What to work on: Please output exactly the lines below, starting at the line that has "Coque iPhone Style" and ending at the line that has "Forever 21 White Skinny Jeans Sleek Fit", both included; leave out all pictures and include nothing else.

** Opening Given entries block **

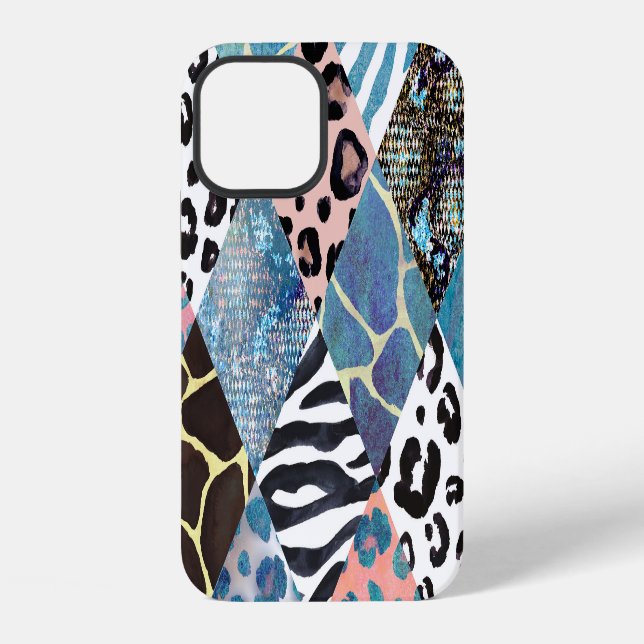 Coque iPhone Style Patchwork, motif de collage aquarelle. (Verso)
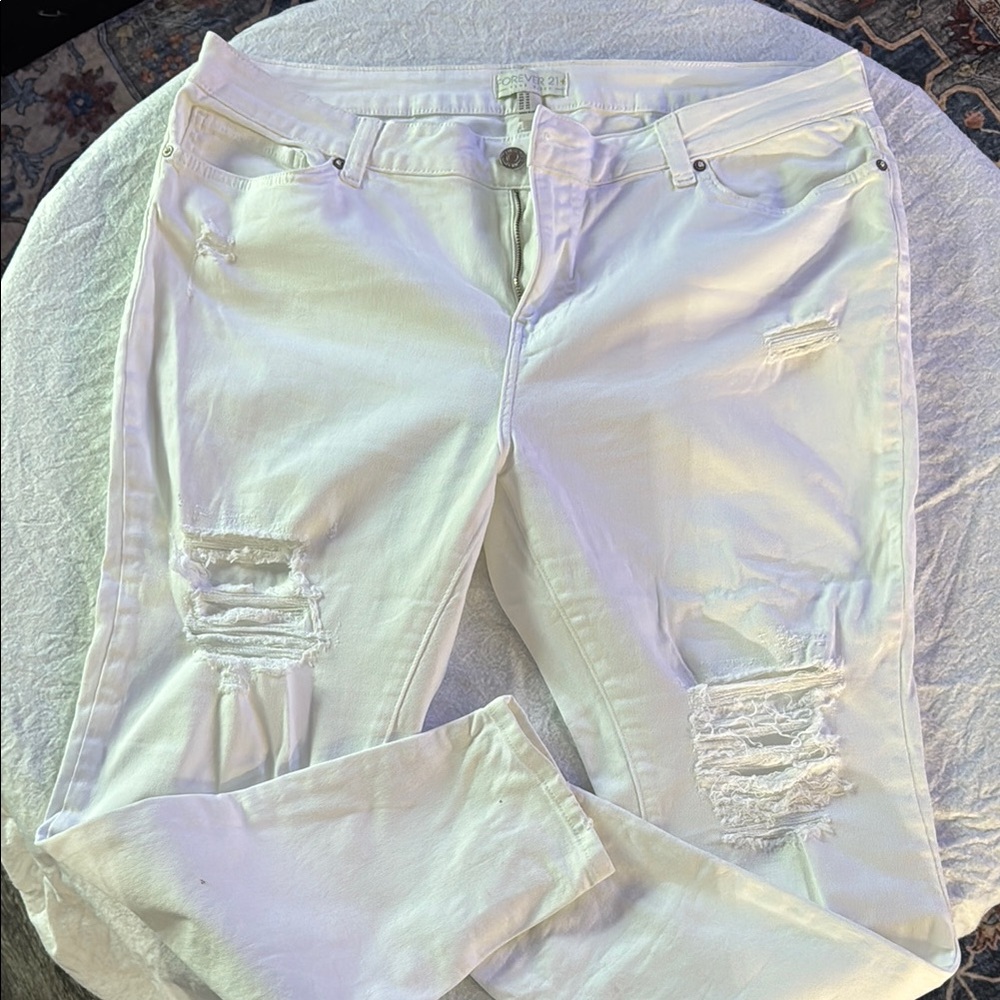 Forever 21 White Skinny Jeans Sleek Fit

** Closing Given entries block **
** Opening Given entries block **

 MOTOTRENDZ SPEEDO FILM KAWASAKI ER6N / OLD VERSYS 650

** Closing Given entries block **

Exercise output:
 Coque iPhone Style Patchwork, motif de collage aquarelle. (Verso)
 Forever 21 White Skinny Jeans Sleek Fit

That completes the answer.